The proposed base budget exceeded the $499 billion federal spending cap for fiscal year 2016, forcing a debate with Congress over whether to continue deep cuts to federal discretionary spending or to amend the limits set in a 2011 law that sought to narrow the U.S. budget deficit.
Defense officials acknowledged the request exceeded federal spending limits, but General Martin Dempsey, the chairman of the Joint Chiefs of Staff, said the budget “represents the minimum resource level necessary to remain a capable, ready and appropriately sized force able to meet our global commitments.”
The proposed budget included $5.3 billion to fund operations against Islamic State militants in Syria and Iraq, including $1.3 billion to train and equip Syrian opposition fighters.
To reassure European allies worried about Russia’s actions in Ukraine and elsewhere in the region, it proposed $789 million to bolster U.S. military rotational deployments and increase military exercises and training with partners in Europe.
“The geopolitical events of the past year only reinforce the need to resource DoD (Department of Defense) at the president’s requested funding level as opposed to current law,” the Pentagon said in a statement.
The budget follows several years of deep spending cuts, also known as sequestration. Projected defense spending was supposed to be reduced by about a trillion dollars over a decade but defense officials say the cuts are eroding military capabilities after 15 years of war.
“As the budget makes clear, a return to sequester-level funding would be irresponsible and dangerous, resulting in a force too small and ill-equipped to respond to the full range of potential threats to the nation,” the Pentagon said.

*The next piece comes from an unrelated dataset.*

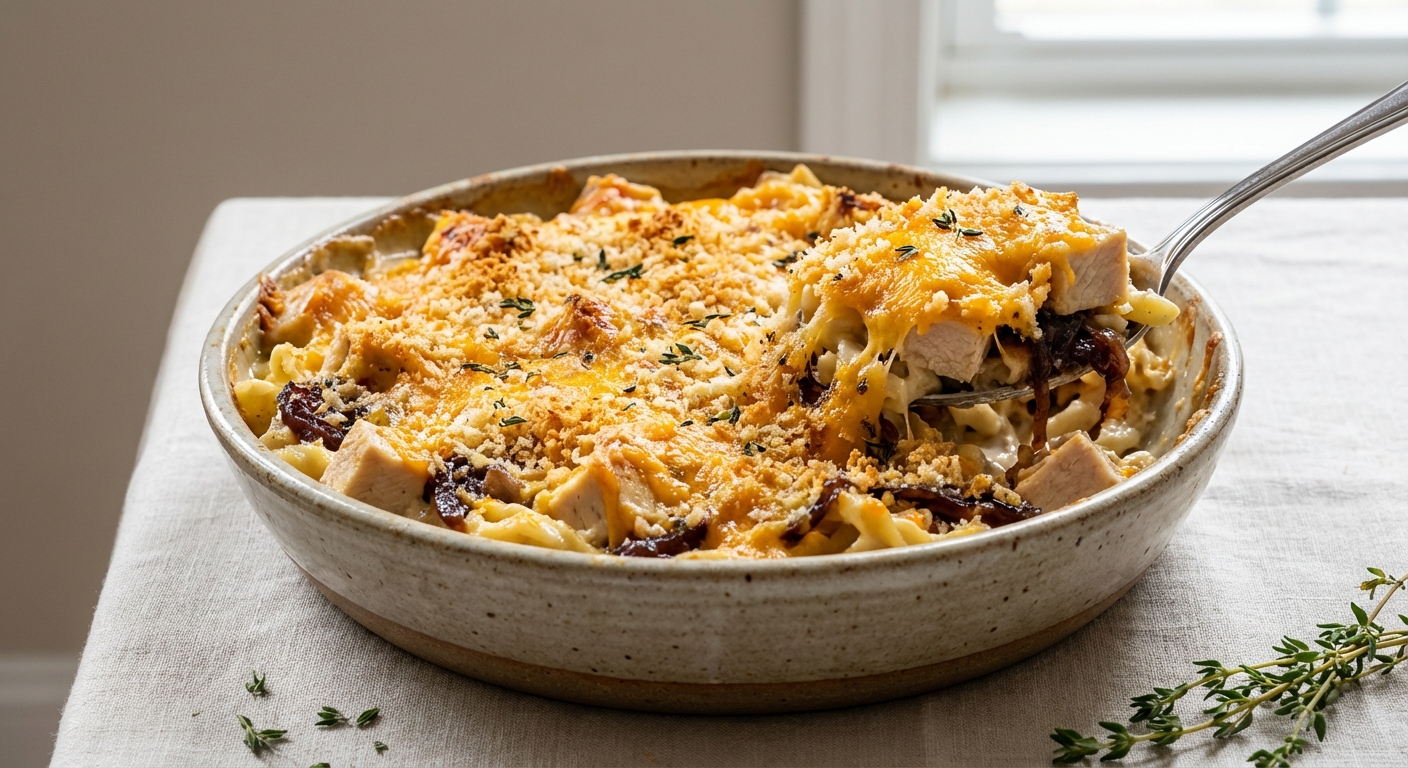 Golden Cheddar Chicken Pasta Casserole with Caramelized Onions - Delicious Homemade Recipe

The proposed budget would enable the U.S. Army to fund an active-duty force of 475,000 soldiers, down slightly from its plan to retain 490,000 after the wars in Iraq and Afghanistan. The Pentagon has warned that if the 2011 budget limits remained in force, it would have to cut the Army to about 420,000 troops.
The Pentagon again sought approval for several reforms hotly opposed in Congress, including retirement of the A-10 “Warthog” close-air support aircraft, conducting a new round of U.S. base closures and curbing the rising cost of military pay and benefits.